When Gareth Kelmendi inherits a small hotel in northern Albania, he believes he has found an escape - distance, silence, a chance to rebuild.
What he inherits is a system.
Hidden within the building's infrastructure is a surveillance network that has recorded guests for their intimacy, their violence, their secrets, and the moments they believe no one is watching. The system is precise, methodical, and embedded in the hotel's operations.
Gareth begins by watching out of necessity. Soon, watching becomes routine. Eventually, it becomes the only thing that keeps him functioning.
As the novel unfolds, the hotel reveals itself not as a setting but as a mechanism - one where observation generates power, documentation replaces responsibility, and moral boundaries erode through repetition rather than rupture. What begins as voyeurism becomes infrastructure. What appears to be personal deviance proves to be a component of a larger system of discretion and control.

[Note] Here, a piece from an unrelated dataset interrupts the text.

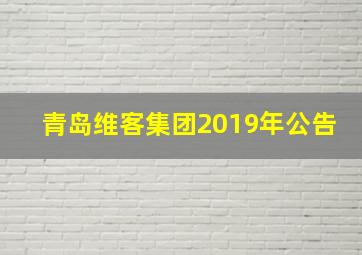 青岛维客集团2019年公告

SCOPOPHILIA is a psychologically rigorous work of transgressive fiction set in contemporary Europe. It explores surveillance, desire, and moral exhaustion, asking what remains of ethical agency when seeing becomes effortless and accountability dissolves into mere record-keeping.
Unsentimental and uncompromising, this novel offers no catharsis and no redemption - only a steady descent into a system that functions because no one looks away.
This is not a story about desire. It is a story about what happens when observation becomes enough.
Content This novel contains graphic violence, explicit sexual content, and deeply transgressive themes. Intended for mature adult readers (18+) familiar with transgressive literary fiction.
Ellis De Keyser writes fiction that examines power, complicity, and the quiet mechanics of institutional violence. The work is grounded in real geopolitical and historical contexts and resists sentiment in favor of moral precision. Rather than centering heroes, the writing focuses on systems and the human cost embedded in their everyday operations.
Disclosure: I received a free e-book copy in exchange for an honest review.
De Keyzer’s “Scopophilia” was a genuinely interesting horror experiment. Complicity through observation, hammered with repetition, helped capture the absolute degeneration of Gareth and his surroundings. And we the reader, too, are complicit for being unable to away as these shocking acts of horror continue to occur with every turn of the page.
The repetition did begin to feel excessive, particularly in the last third of the book. And some character motivations fell a bit flat for me, which detracted a bit from the horror that was unfolding. However, I ultimately enjoyed this book. It is a very twisted read, one that I will be thinking about for some time to come.
Scopophilia commits fully to its premise and never retreats into irony, metaphor, or psychological alibi. Observation is treated not as a theme but as a total condition, where recording replaces presence and morality erodes through repetition rather than escalation. De Keyzer refuses the familiar gestures of transgressive fiction; there is no shock management, no aesthetic cushioning, only accumulation and consequence. The novel’s discipline is its strength, forcing the reader into complicity through sustained attention rather than provocation. It is exhausting, exacting, and deliberately unrelenting.
After reading the first 50 pages, I was wondering where the story was going, but unfortunately it just continued in the same vein. Very repetitious, and there was no flow to the writing. Yes, it's about voyeurism in the extreme, but way too much. The author does caution about the contents, so I was warned before hand, but I just couldn't finish it. Sorry. I read 100 of 410 pages.
Disclosure: I received this as a free e-book for an honest review.
I was not prepared for the eroticism that played out in this voyeuristic horror but the story, though an uncomfortable subject matter, was a captivating read. Truly horrifying.